Helping others brings joy to teen
WRITTEN BY Julie Drake
Paraclete High School senior Robert Norris smiles a lot these days. The happiness he feels comes from helping people he doesn’t know.
The ambitious, competitive, intense 17-year-old uses the same focus he displays on the gridiron playing defense or offense for the Spirits varsity football team toward helping others.
Robert took $500 he saved over six months doing odd jobs like yardwork and washing cars to buy something for himself and instead gave it to another high school student who wanted to go to college but had to work to achieve it.
Robert presented his Student to Student Scholarship in May to 17-year-old Knight High School senior Tamarie Magana during that school’s senior awards night.
“When I went up there in front of all the seniors I was kind of nervous, of course, but it actually felt good,” Robert said. “It was funny because I was the same age or younger than most of them. I went, and I stood up, (head counselor Raymond Hart) started talking about me. I just started laughing. It felt really good.”
Magana, who will attend California State University, Northridge, deemed Robert’s gesture “awesome.”
“I thought that was a great opportunity for him as well because that shows that he’s a leader. If he’s able to do that then, that’s great because he’s giving something out to other people,” she said at the time.
Robert’s next charitable endeavor is raising money for a food drive.
“I see a lot of people in bad situations, needing food or such. It went from being scared of them asking me for money to wanting to help them,” Robert said. “So, I figured if I could start a scholarship, why can’t I start a food drive.”
He created a website, www.robertscannedfooddrive.com, to collect donations via PayPal. Anyone who would like to help but doesn’t want to donate money can donate canned food. There is contact information on the website to arrange for pickup.
“I just like helping people,” Robert said. “Ever since the scholarship thing, I’ve just been wanting to help people.”
He hopes to raise at least $500.
“That’s like so low, but I could do something with $500,” Robert said.
The logo Robert created for his website features a cross with the words family, love, and respect on it. It also has a Native American symbol for Navajo, a nod to Robert’s heritage on his father Terry’s side, an Argentinian flag for his mother, Silvia, who is from Argentina, and an eagle and books.
“Just things that are important to me, my faith, my family, love, respect, (and) my ethnicities,” Robert said.
Dad Terry noted that Robert’s grandfather was the first Navajo to earn a doctoral degree.
Robert said his father and his friends all say that he has changed himself for the better in the past couple of months.
“I’ve been happier,” Robert said. “I used to be sort of just serious and grumpy. But now I don’t feel right if I don’t smile, or laugh. I can never express how much I like helping people, it brings such a joy.”
Robert contacted representatives of the Salvation Army Antelope Valley Corps to see how he can help them, too.
“They told me they’re always in need. There is always more people than there is food, so I want to at least be able to equal it out,” he said.

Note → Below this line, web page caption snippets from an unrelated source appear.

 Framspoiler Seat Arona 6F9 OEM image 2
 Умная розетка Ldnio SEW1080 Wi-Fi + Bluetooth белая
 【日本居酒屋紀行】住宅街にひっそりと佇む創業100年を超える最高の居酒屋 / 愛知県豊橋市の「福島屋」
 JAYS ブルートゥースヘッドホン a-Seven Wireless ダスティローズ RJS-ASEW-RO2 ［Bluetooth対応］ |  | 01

Robert is the youngest member of the Antelope Valley Board of Trade and also a member of the Antelope Valley Math, Science, Engineering and Technology Consortium.

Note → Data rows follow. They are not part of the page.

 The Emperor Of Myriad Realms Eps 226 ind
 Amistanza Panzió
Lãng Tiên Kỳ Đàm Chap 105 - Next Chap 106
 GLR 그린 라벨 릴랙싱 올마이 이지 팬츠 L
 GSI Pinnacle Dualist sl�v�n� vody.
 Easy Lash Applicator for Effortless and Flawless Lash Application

“A lot of it kind of conflicts with football,” Robert said. “But at least it’s getting involved with the community, knowing what’s going on.”
This year Robert will play free safety, outside linebacker, middle linebacker, defensive end, and any offensive line position.
As one of 13 seniors returning to the squad this year, Robert is helping the freshmen get ready for the season by showing them how to lift weights properly.
“It’s all about teaching the kids so they can get better next year and help us this year,” Robert said.
Paraclete coach Norm Dahlia called Robert “a great young man.”
“Robert is one of the most honest, trustworthy, outspoken, always speaks his mind, young men that I’ve ever met,” Dahlia said. “He does not cave in to peer pressure. He’s a man of his word and somebody that anyone should be honored to call him a friend.”
On the field, Dahlia said Robert is versatile. This will be the teen’s third year starting at the varsity level as an offensive lineman.
“But he’s increased his strength and speed so much that when we go against running teams he’ll be in there as my free safety also, coming up on the run,” Dahlia said.
Robert hopes to play football in college. He hopes to get a scholarship to a Division I school.
“This is my senior season, it’s the last season. You can’t ever not be working a hundred percent. If you take a play off, that’s a play that they’ll see that you take off. That could be a scholarship,” Robert said.
If a football scholarship doesn’t happen, Robert’s fallback would be a military academy, such as the U.S. Naval Academy in Annapolis, Maryland, where his father went. If he doesn’t attend a military academy, Robert would like to go to a preparatory school or The Citadel.
“I just like the military,” Robert said.
Robert is a certified master diver. He started his scuba training when he was 10 years old and has completed every level of commercial certification. The next level would be dive master, which would allow Robert to teach others how to dive.
“He’s taken off on his own; he’s really become his own man,” Terry Norris said.
“He’s a good person,” Silvia Norris added.
Asked her reaction when Robert told her that he wanted to take the money he had saved and give it to another student as a scholarship, Silvia said it was an honorable act.
“It’s hard to find anyone, not just teenagers, to give to others before they give to themselves,” Silvia said.